# Encoder de rueda o scroll de mouse



## nem_sys (Jun 29, 2009)

Hola soy nuevo y no soy estudiante de electronica mas bien de ingenieria en sistemas, pero ta.
Tengo un mouse digital que tenia un scroll que era un encoder mas exactamente el de arriba a la derecha.



lo desarme por que lo queria colocar en otro lugar fisico y por supuesto se rompio.
trate de entender como funciona pero nada lo unico que les puedo dejar es un diagrama de lo que hay dentro de eso,
por que no es un encoder con fotodiodos como los mas comunes, es electrico, o no se como, la cosa es que dentro tiene una configuración igual a esta:



La pieza del medio que tiene 3 aspas es la pieza que gira es de metal.

Lo que quiero es que alguien me explique como es que funciona esto y como podria hacer uno casero, por que el problema por lo que se me rompio es que era una pieza muy pequeña para el lugar donde lo quiero colocar, necesito hacerlo mas grande.

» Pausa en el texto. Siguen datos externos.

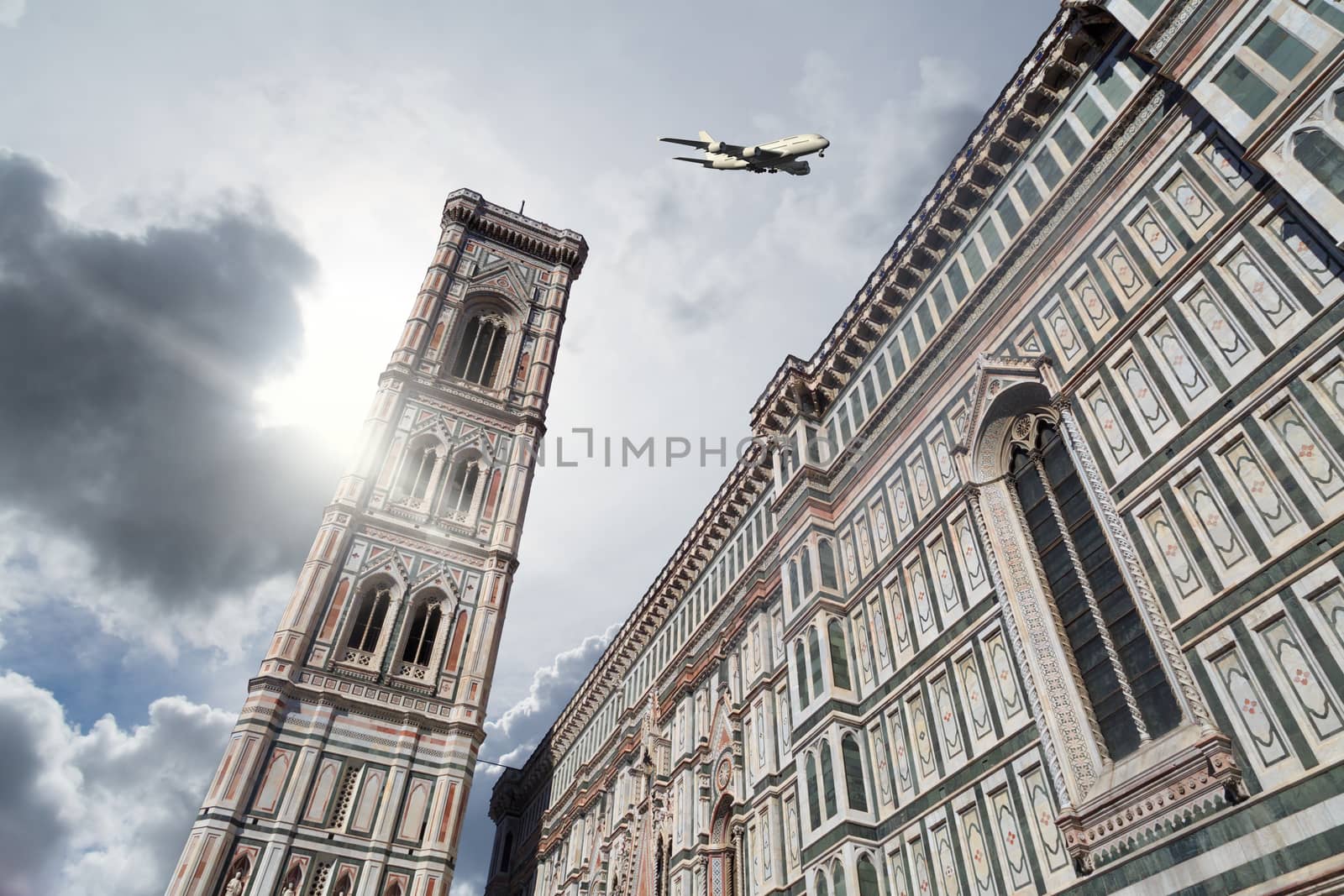 Bottom view of belfry tower of Florence Duomo, Santa Maria Del Fiore, on cloudy grey sky background with a plane.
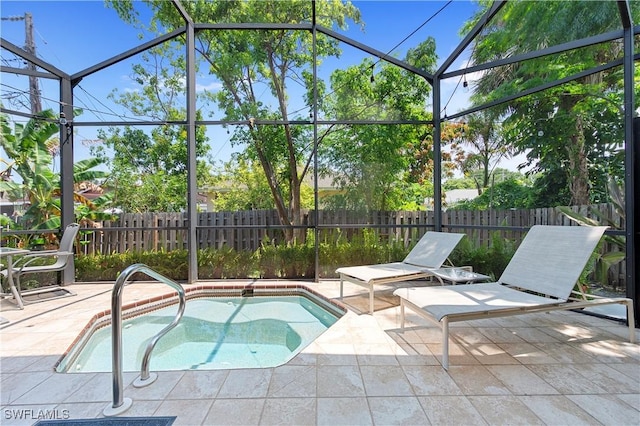 663 110th Ave N, Naples, FL 34108 - view of swimming pool with a patio area, a fenced backyard, a swimming pool, and glass enclosure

Gracias


----------



## capitanp (Jun 30, 2009)

nada complicado cuando lo giras hacia un lado hace unos pulsos y para el otro lado en forma diferente.


----------



## nem_sys (Jun 30, 2009)

Ahora con el tema de hacerlo yo mismo tengo algun problema?



por que los circulos rojos y azules de esta foto marcan perforaciones, osea partes donde no hace contacto la pieza del medio, mi pregunta es tengo que hacerlos coincidir o no, lo que quiero decir con coincidir es, cuando la rueda del medio entre en el primer circulo azul, al mismo tiempo y sin desfasarse debe entrar en el circulo rojo, o la gracia es que entre desfasado para lograr esa grafica, osea que cuidados debo tener para fabricarlo yo mismo?


----------



## capitanp (Jun 30, 2009)

no los puntos de no contacto no deben coincidir asi podra haber un desfasaje entre las dos señales

hacia un lado primero el azul y luego el rojo y hacia el otro lado primero el rojo y luego el azul


----------



## nem_sys (Jun 30, 2009)

Hay manera de saber que tan desfasado debo hacerlo? por que cuando miro la pieza rota no se nota la diferencia osea tengo que tener suerte para que me quede igual no?


----------



## nem_sys (Jul 2, 2009)

Hoy manera de utilizar un pequeño motor de lectora de CD como encoder? segun yo se utilizan un chip de efecto hall o algo asi para saber en que posicion esta el motor, primero tengo que aprender a reconocer ese chip y luego saber usarlo en el encoder, alguna idea?


----------



## willyland (Dic 4, 2009)

Gente primero saludar ya que el la primera vez que escribo en el foro...y tengo pequeña consulta...Estoy tratardo de hacer un encoder rotativo(con 7414 y 4013)...por lo que veo se trata de dos emisores y dos sensores otpticos,pues yo consegui unos de un mouse,el problema es que
en la capsula del receptor viene integrados ambos repeptores,no se si me explico,
El que yo he conseguido es asi
http://hackadaycom.files.wordpress.com/2008/05/open2.jpg?w=450&h=367
Y el circuito requiere asi
http://www.boondog.com/tutorials/mouse/ledsCanBeSolderedOff.jpg
este seri a el circuito 
http://www.boondog.com/tutorials/mouse/mouseHackSchematic.jpg

Como podre adaptar mis sensores a ese circuito.
Disculpenme pero la verda que se muy poco de electronica.Capaz que es una tontera
pero estoy trabado aca y no puedo seguir.


----------



## Jory (Oct 20, 2010)

willyland,

es exactamente igual.

saludos


----------



## enridp (Nov 16, 2010)

yo no entend 

Los encoders que conocia tenian un par de fotobarreras, o sea dos diodos emisores y sus receptores (por lo general infrarrojos ambos) y la onda cuadrada se genera con un disco con perforaciones que interrumpe el paso de la luz infrarroja hacia el receptor.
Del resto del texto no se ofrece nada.